◆ What you will do: Repeat exactly the lines of the entries below from the one with "Cute sunflower gnome" through the one with "Miniatyrbild 1 av", both ends included, and nothing else.
[Opening Records provided section]
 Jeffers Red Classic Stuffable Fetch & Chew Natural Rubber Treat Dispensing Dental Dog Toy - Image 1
[Closing Records provided section]
[Opening Records provided section]
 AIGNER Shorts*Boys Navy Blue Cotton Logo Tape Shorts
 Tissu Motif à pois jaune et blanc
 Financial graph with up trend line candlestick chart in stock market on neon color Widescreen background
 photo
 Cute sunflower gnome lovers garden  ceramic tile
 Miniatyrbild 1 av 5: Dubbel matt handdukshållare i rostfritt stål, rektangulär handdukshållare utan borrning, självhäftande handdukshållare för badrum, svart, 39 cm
[Closing Records provided section]
◆ Answer space:
 Cute sunflower gnome lovers garden  ceramic tile
 Miniatyrbild 1 av 5: Dubbel matt handdukshållare i rostfritt stål, rektangulär handdukshållare utan borrning, självhäftande handdukshållare för badrum, svart, 39 cm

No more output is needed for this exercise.